- _Collected data_:
-------

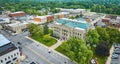 Aerial entrance view in summer of Auburn courthouse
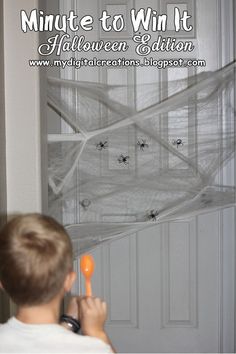 a young boy holding an orange object in front of a white door with spider web on it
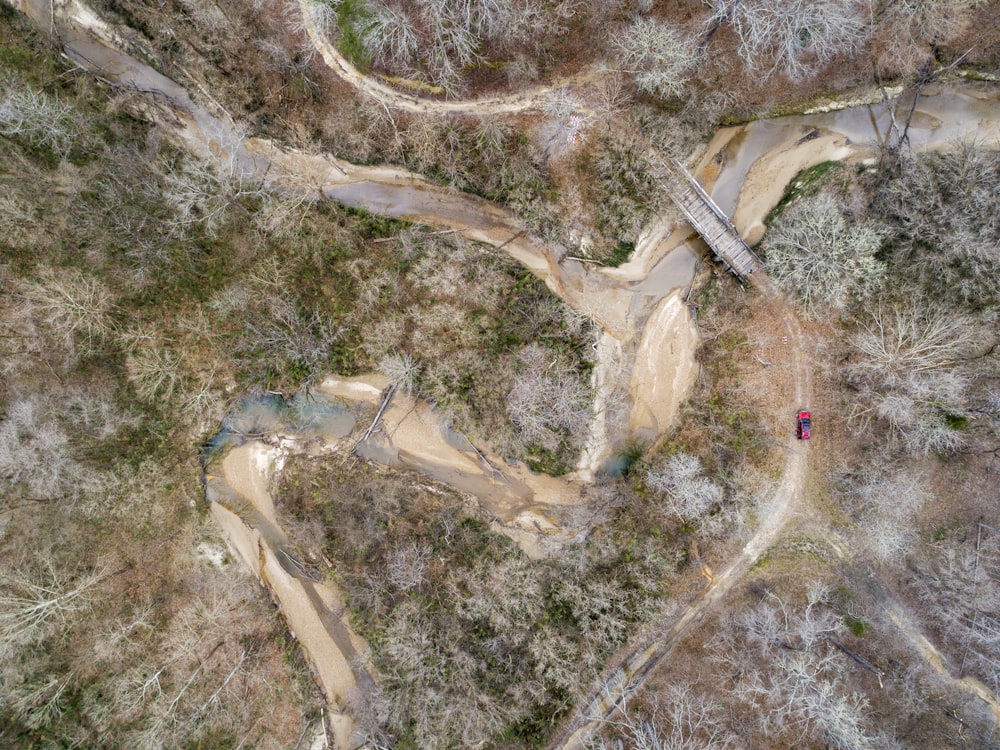 an aerial view of a winding road in the woods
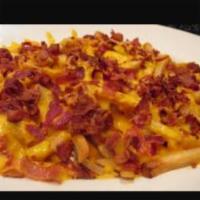 Bacon Cheese Fries · Cheese fries with bacon bits on top.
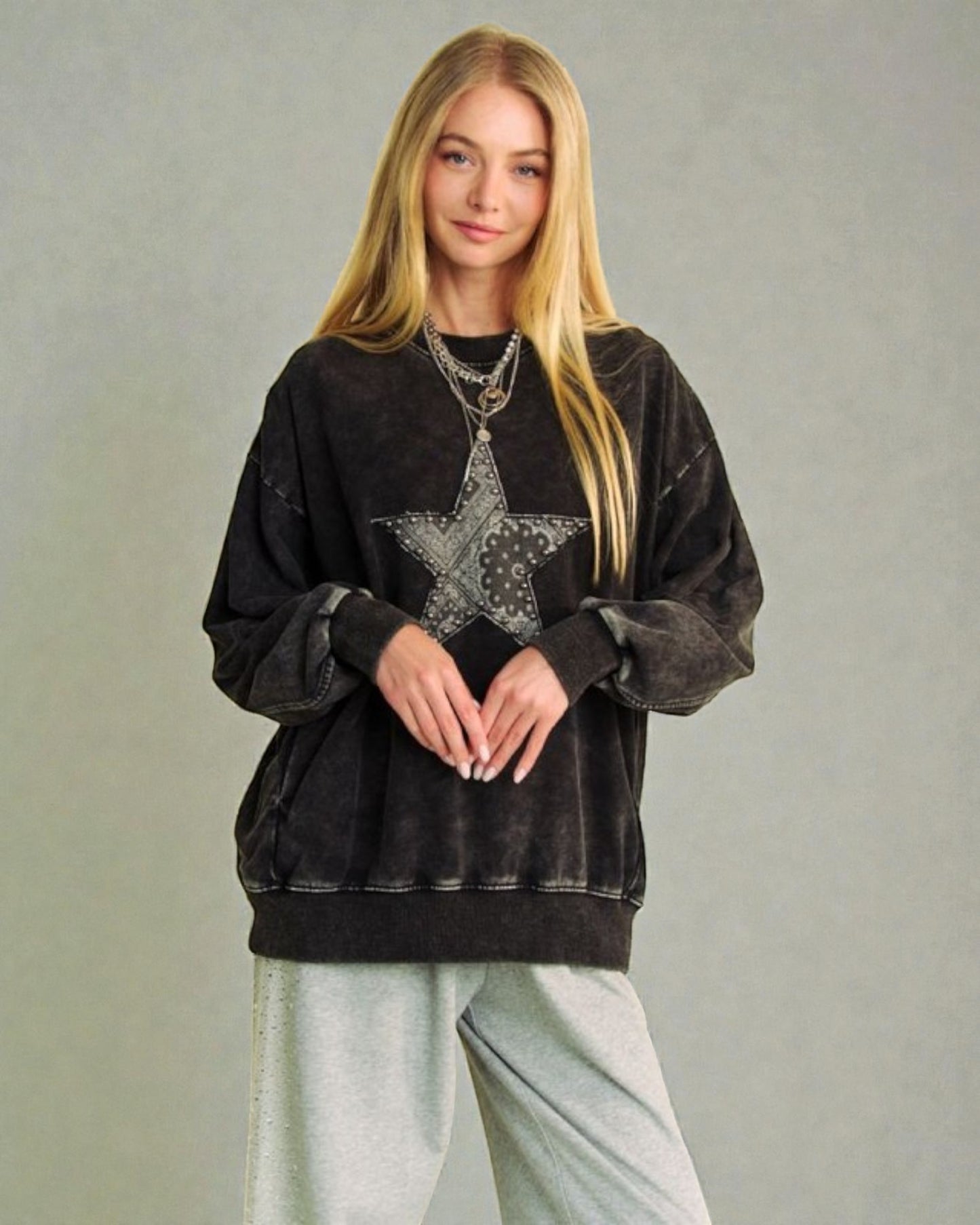 Woman wearing a black sweatshirt with a star design on a plain background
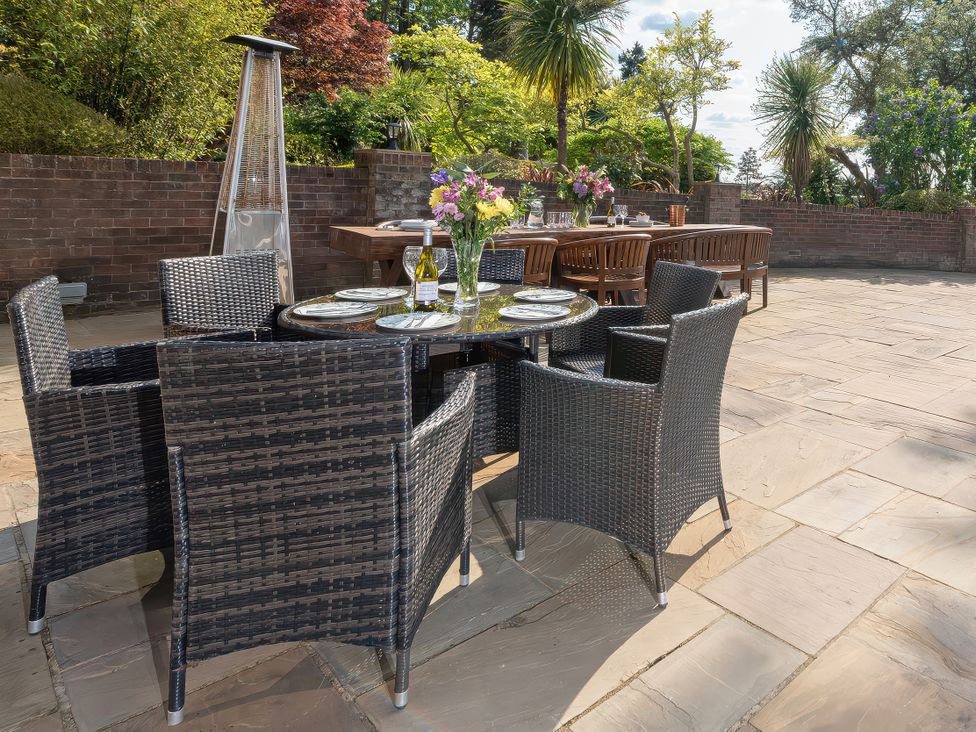 A dining area with a table and chairs in an outdoor setting at Hamble House Southampton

-------

- _What you should do_: Would you restate word for word only the lines from the line with "Bacon Cheese Fries" to the last line above, with the pictures left out?

- _Completed exercise_:
 Bacon Cheese Fries · Cheese fries with bacon bits on top.
 Woman wearing a black sweatshirt with a star design on a plain background
 A dining area with a table and chairs in an outdoor setting at Hamble House Southampton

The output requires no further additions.